Systematic Study of Electron Localization in an Amorphous Semiconductor

TL;DR

This study systematically examines how basis set size, density functional choice, and spin polarization affect electron localization in amorphous silicon, providing insights into defect state characterization.

Contribution

It offers a comprehensive analysis of electron localization dependence on computational parameters in amorphous silicon using first-principles methods.

Findings

Larger basis sets reduce defect state localization.

GGA enhances localization compared to LDA.

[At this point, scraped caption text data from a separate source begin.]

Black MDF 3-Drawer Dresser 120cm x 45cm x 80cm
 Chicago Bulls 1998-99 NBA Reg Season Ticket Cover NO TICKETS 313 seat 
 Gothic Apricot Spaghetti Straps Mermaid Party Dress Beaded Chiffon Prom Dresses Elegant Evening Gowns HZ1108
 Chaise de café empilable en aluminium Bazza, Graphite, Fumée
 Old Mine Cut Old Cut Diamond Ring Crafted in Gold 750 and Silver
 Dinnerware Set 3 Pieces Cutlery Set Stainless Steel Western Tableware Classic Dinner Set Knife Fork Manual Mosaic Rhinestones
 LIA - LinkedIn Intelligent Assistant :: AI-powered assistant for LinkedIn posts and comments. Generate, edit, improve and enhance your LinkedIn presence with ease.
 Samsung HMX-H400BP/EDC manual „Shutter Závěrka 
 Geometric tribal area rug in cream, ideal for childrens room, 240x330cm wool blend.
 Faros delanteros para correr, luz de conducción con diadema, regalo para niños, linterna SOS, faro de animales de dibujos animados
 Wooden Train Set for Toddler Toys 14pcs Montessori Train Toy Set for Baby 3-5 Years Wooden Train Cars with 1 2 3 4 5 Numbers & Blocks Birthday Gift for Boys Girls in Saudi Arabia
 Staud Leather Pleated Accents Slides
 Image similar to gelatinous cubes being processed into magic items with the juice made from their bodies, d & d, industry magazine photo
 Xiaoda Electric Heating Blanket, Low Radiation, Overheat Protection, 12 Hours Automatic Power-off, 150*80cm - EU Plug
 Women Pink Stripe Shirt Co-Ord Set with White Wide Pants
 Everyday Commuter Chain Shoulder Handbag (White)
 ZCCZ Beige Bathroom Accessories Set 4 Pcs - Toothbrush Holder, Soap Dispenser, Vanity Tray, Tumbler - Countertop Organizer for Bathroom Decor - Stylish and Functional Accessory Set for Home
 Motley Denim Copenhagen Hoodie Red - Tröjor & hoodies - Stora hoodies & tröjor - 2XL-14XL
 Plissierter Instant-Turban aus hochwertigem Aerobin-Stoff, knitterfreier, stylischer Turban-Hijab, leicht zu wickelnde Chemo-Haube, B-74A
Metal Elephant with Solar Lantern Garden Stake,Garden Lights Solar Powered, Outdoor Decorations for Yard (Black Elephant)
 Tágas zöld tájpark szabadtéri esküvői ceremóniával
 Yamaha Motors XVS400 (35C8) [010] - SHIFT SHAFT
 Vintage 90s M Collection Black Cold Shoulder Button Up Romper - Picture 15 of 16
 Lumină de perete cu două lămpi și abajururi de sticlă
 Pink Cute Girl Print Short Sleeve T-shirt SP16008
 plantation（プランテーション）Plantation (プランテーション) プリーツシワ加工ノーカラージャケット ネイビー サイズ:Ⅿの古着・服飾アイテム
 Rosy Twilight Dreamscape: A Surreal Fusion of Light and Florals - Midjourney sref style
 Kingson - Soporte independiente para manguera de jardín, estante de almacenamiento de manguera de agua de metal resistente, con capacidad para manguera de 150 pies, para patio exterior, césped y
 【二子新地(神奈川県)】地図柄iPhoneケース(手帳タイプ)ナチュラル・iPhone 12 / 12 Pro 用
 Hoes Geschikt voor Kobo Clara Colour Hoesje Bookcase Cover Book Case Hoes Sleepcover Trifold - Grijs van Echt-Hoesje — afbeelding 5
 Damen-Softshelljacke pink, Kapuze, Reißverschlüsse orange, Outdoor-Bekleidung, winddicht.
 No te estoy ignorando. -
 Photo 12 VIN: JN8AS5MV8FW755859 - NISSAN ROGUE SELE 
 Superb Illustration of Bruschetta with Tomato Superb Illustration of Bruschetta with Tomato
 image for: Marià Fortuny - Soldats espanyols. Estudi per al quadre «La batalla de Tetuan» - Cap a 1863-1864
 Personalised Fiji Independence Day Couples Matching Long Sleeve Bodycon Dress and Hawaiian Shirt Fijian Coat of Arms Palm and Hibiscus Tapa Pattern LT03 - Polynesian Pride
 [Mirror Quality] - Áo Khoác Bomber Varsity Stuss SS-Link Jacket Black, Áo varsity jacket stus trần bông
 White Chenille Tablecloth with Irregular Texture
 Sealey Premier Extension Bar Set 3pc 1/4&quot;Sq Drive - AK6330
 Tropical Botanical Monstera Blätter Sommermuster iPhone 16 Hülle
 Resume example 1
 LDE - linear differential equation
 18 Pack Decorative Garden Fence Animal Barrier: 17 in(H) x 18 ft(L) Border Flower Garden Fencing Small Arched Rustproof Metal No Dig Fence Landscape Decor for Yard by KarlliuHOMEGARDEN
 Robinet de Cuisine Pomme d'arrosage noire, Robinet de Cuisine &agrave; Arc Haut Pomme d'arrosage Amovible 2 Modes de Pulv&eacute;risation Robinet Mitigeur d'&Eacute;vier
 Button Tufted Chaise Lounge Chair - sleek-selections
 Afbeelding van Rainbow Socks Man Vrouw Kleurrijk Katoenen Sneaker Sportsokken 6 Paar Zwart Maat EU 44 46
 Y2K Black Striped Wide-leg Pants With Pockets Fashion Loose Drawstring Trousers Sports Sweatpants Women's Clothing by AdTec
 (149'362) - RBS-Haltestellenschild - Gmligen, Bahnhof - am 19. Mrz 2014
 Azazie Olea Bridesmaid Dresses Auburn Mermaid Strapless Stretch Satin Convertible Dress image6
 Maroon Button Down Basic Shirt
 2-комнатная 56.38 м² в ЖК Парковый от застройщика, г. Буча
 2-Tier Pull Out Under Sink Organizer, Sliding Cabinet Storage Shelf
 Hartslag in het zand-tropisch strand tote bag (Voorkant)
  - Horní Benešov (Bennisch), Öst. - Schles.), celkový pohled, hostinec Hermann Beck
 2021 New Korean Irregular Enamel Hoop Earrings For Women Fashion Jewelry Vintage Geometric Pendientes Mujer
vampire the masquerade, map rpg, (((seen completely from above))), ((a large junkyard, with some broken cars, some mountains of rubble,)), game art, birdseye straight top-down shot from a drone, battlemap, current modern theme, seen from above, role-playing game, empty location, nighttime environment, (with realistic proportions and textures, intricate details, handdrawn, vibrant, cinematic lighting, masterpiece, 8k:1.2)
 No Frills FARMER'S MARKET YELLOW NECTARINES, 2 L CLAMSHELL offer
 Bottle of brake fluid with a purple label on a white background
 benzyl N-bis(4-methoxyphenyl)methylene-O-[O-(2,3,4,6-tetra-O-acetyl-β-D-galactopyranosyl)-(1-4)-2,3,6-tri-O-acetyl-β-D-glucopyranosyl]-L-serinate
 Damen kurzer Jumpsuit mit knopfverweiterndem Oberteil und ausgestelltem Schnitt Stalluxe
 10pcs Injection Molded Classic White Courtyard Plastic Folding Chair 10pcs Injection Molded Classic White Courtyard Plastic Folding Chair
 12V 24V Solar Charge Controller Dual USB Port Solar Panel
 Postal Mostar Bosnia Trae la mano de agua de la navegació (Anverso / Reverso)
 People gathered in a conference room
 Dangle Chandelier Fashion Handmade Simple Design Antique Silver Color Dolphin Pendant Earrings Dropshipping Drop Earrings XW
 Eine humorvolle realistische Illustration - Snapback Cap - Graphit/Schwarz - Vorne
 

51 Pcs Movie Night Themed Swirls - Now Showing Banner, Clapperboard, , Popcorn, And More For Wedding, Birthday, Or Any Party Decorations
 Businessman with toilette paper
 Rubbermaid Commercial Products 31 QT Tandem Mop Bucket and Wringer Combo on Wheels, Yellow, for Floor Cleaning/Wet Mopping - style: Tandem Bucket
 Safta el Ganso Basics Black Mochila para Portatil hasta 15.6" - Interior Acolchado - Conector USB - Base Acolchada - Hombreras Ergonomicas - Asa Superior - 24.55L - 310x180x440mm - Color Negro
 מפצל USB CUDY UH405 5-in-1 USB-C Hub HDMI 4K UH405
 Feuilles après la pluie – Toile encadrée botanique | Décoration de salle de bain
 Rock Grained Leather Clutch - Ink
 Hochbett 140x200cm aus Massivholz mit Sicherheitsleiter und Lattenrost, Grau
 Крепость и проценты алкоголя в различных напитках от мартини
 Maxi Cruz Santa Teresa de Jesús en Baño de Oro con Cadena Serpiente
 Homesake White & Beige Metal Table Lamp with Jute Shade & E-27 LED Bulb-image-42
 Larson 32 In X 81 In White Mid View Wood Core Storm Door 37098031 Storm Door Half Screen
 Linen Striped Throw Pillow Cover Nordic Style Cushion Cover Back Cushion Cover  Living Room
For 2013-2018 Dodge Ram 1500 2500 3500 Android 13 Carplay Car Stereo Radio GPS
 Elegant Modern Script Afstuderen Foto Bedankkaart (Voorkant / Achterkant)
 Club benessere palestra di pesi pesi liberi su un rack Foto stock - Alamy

Spin localization aligns with experimental observations.

Abstract

We investigate the electronic structure of gap and band tail states in amorphous silicon. Starting with two 216-atom models of amorphous silicon with defect concentration close to the experiments, we systematically study the dependence of electron localization on basis set, density functional and spin polarization using the first principles density functional code Siesta. We briefly compare three different schemes for characterizing localization: information entropy, inverse participation ratio and spatial variance. Our results show that to accurately describe defect structures within self consistent density functional theory, a rich basis set is necessary. Our study revealed that the localization of the wave function associated with the defect states decreases with larger basis sets and there is some enhancement of localization from GGA relative to LDA. Spin localization results obtained via LSDA calculations, are in reasonable agreement with experiment and with previous LSDA calculations on a-Si:H models.